Task goal :: Below are the entries; give again exactly the lines from the one mentioning "Message from the" through the one mentioning "Elegant Ceramic Sake", inclusive.

Records from a data collection
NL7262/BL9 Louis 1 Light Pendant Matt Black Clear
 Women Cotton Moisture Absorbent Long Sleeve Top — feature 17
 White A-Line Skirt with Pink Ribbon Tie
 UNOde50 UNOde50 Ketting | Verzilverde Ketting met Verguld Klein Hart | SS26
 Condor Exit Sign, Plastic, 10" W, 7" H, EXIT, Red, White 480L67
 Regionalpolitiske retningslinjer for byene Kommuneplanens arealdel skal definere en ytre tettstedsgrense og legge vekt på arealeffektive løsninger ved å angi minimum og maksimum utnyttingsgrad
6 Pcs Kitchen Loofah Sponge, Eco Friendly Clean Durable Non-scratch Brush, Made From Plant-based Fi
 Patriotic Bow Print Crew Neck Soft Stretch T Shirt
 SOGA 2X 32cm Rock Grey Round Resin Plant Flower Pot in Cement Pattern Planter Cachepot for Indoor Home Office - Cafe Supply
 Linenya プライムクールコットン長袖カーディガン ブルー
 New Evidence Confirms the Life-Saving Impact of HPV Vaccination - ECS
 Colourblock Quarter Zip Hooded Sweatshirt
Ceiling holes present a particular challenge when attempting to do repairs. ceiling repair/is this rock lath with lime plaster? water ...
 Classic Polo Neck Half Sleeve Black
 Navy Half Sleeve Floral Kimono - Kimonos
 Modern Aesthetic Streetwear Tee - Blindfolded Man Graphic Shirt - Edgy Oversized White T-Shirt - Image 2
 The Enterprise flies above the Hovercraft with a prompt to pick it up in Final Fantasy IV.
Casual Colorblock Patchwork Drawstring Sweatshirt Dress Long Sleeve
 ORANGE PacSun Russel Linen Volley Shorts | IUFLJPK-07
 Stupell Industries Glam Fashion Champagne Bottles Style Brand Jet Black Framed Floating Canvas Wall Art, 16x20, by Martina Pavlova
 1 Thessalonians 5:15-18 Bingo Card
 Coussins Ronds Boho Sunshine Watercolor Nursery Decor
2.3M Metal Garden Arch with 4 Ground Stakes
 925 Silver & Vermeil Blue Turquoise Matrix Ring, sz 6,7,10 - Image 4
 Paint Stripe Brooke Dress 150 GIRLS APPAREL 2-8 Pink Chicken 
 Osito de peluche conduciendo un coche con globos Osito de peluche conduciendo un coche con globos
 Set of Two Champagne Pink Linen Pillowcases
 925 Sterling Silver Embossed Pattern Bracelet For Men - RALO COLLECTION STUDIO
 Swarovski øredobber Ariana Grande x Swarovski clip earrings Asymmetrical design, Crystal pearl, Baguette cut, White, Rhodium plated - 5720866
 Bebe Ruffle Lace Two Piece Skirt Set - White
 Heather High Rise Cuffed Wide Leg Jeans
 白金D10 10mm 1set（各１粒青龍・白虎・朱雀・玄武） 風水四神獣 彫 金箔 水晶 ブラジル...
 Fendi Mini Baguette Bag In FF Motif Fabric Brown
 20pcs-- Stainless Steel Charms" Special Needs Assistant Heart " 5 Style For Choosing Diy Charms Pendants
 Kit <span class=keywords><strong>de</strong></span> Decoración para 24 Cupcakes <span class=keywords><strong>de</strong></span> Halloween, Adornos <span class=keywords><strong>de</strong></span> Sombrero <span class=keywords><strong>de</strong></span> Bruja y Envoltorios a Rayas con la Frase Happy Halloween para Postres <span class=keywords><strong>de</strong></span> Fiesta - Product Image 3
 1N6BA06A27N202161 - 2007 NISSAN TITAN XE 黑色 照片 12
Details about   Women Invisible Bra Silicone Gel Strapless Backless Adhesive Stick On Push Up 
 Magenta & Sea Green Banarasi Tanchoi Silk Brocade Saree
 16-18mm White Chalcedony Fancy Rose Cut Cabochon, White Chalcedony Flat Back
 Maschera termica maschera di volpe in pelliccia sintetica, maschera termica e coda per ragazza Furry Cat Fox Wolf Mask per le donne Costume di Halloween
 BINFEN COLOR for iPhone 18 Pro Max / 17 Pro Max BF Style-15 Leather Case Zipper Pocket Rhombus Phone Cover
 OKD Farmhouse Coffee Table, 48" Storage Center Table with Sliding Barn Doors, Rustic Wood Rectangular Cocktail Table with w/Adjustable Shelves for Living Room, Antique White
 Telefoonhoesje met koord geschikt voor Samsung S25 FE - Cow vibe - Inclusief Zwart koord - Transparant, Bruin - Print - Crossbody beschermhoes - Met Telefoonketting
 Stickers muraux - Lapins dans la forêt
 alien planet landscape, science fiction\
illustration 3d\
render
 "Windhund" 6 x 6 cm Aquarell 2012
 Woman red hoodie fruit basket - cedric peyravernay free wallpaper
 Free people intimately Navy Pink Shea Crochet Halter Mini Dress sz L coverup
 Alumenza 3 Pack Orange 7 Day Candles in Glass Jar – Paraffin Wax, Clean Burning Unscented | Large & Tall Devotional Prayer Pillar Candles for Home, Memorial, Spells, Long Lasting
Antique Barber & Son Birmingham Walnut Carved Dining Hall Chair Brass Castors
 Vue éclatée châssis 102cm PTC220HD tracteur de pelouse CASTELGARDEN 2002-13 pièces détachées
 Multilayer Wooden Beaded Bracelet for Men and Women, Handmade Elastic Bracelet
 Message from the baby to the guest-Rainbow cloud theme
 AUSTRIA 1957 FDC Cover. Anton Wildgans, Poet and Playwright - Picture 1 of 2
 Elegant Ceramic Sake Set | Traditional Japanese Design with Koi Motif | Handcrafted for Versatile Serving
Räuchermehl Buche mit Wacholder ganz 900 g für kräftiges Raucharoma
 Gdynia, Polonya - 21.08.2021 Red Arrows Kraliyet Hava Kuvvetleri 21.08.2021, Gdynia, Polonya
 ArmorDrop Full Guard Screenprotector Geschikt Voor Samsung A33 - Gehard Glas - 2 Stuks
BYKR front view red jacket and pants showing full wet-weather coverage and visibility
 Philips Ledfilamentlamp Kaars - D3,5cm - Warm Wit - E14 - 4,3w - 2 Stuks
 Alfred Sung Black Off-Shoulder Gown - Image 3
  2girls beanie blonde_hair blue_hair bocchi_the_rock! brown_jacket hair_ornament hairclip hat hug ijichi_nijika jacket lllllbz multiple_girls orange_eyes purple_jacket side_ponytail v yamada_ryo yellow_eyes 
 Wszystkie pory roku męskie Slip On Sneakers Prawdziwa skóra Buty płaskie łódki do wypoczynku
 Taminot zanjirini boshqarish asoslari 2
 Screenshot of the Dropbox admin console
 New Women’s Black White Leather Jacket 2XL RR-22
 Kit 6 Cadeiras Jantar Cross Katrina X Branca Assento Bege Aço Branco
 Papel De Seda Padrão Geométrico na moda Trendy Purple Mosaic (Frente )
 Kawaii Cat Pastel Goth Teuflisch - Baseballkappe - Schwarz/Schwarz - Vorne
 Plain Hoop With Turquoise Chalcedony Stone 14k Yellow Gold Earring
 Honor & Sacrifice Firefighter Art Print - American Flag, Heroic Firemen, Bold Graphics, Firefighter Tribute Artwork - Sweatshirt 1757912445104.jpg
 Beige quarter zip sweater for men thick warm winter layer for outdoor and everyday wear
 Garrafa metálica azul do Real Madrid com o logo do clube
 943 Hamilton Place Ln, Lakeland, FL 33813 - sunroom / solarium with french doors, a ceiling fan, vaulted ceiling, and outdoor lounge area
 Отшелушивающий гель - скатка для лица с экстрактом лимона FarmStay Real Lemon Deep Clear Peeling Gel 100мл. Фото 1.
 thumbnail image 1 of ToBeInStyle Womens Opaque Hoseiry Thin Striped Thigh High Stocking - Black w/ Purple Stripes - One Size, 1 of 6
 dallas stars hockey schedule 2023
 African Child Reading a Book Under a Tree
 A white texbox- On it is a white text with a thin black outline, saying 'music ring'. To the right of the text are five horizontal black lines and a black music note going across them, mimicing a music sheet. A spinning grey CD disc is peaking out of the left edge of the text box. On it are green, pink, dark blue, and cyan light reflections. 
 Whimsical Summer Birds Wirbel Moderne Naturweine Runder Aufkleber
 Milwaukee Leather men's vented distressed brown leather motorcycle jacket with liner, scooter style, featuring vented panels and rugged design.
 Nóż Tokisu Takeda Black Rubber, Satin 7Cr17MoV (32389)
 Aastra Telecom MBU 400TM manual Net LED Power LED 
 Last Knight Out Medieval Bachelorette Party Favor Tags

Reply ::
 Message from the baby to the guest-Rainbow cloud theme
 AUSTRIA 1957 FDC Cover. Anton Wildgans, Poet and Playwright - Picture 1 of 2
 Elegant Ceramic Sake Set | Traditional Japanese Design with Koi Motif | Handcrafted for Versatile Serving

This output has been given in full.